On Saturday, April 30, 2016, Viksit Gaur [email protected] wrote:
I might be missing something but - why not use a simple load balancer such
as nginx/haproxy or the amazon Elastic LB in case you're on AWS, for this?If it's the same model on all machines, a simple round robin should work,
and you could expose a simple /status endpoint on your server which the
load balancer knows how to read and not direct requests to?—
You are receiving this because you authored the thread.

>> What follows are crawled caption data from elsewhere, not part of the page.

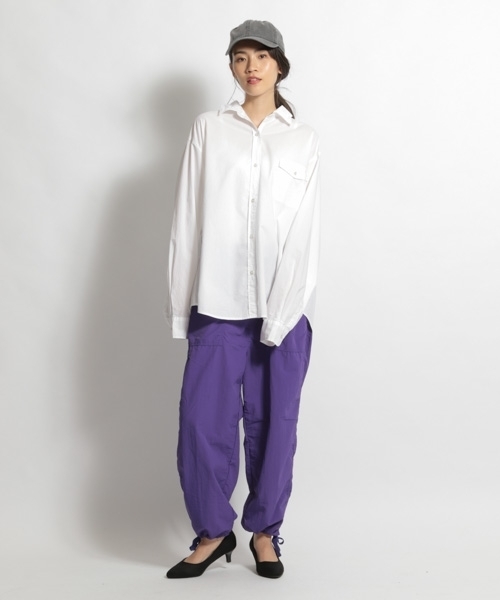 niko and...(ニコアンド)の「マーセビッグシャツ/シルクプロテイン(シャツ/ブラウス・レディース・ホワイト/ブラック/オリーブ・MEDIUM/LARGE)」の4枚目の写真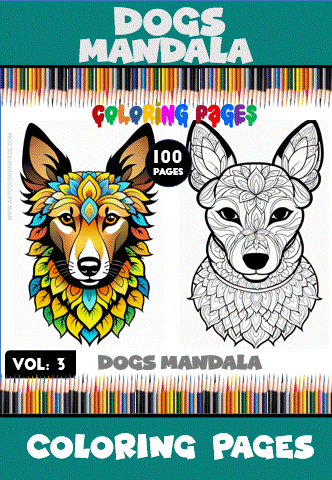 Two dog mandala designs featured in a coloring book, highlighting free coloring pages available at artcoloringpage.com.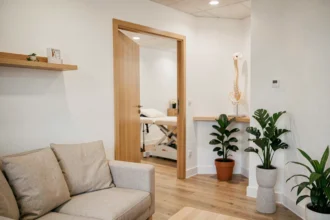 Salle d'attente moderne d'un cabinet d'ostéopathie dans le Val-d'Oise avec table de traitement et modèle anatomique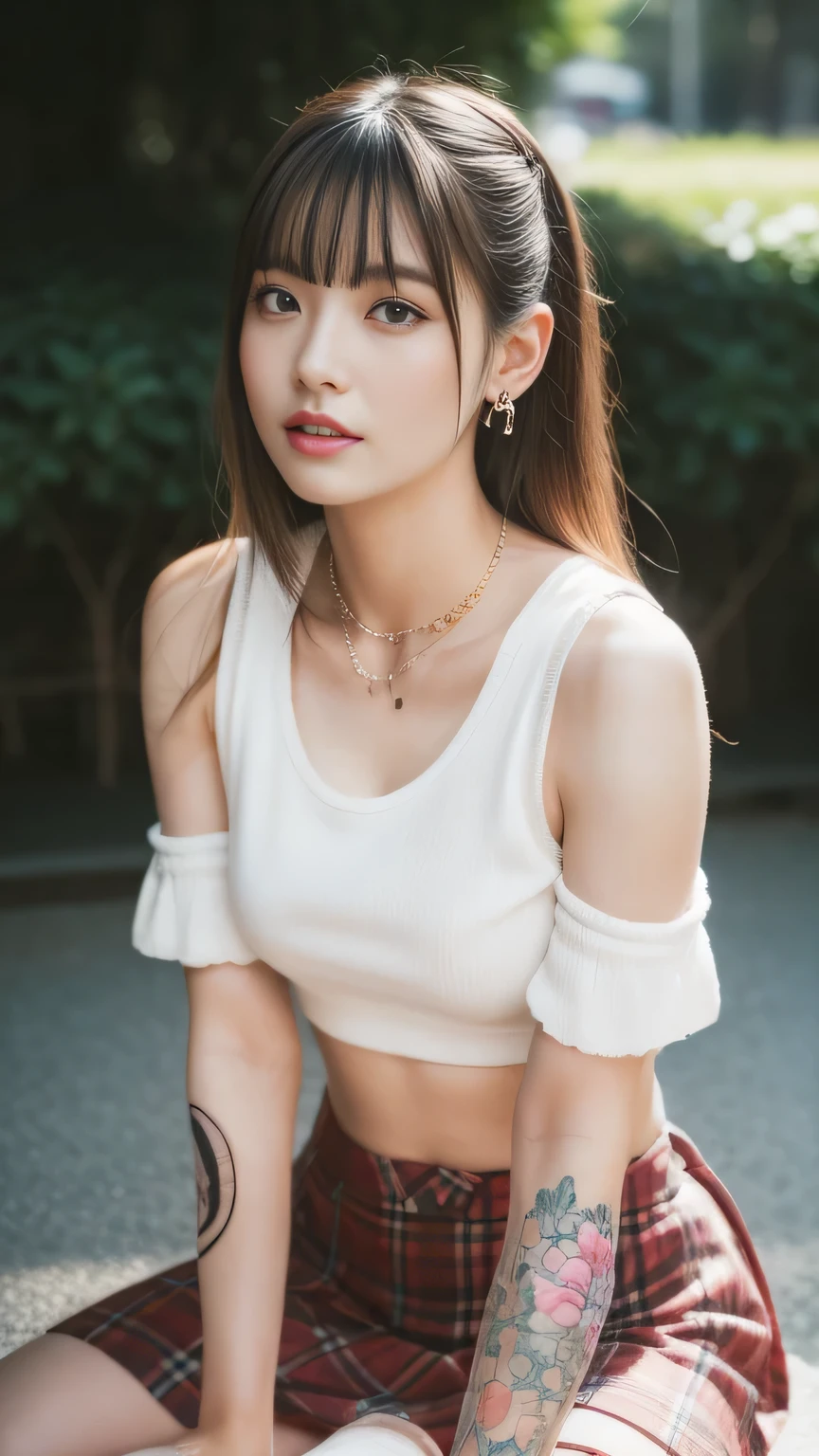 Best quality, masterpiece, super high resolution, (realistic: 1.4), original photo, (evening street), 1 girl, black eyes, looking at the audience, long hair, light makeup, lips, small ears, white t-shirt, denim shorts, earrings, sitting Ferrari, big breasts, slim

Reply to this email directly or view it on GitHub
#60 (comment)
Nick Dufour
Machine Learning Engineer
Neon Labs https://www.neon-lab.com/
from serving.
Ah - I would say though, that not knowing how large your requests are, Amazon ELBs and Google Cloud charge $0.025 an hour, which for 30 days is $18, and $0.008 per GB, which for 100GB would be $0.8 :) [And less messing around with nginx config settings]
from serving.
@eriophora Have you looked at the "Serving Inception Model with TensorFlow Serving and Kubernetes" tutorial on TensorFlow? They show how to "pack" model into a Docker container and later run several containers with Kubernetes, which also provides a load balancer out-of-the-box (see here), it's even included in their example setting.
from serving.
I use Nginx to implement load banlancing of multiple dockerized Tensorflow-serving.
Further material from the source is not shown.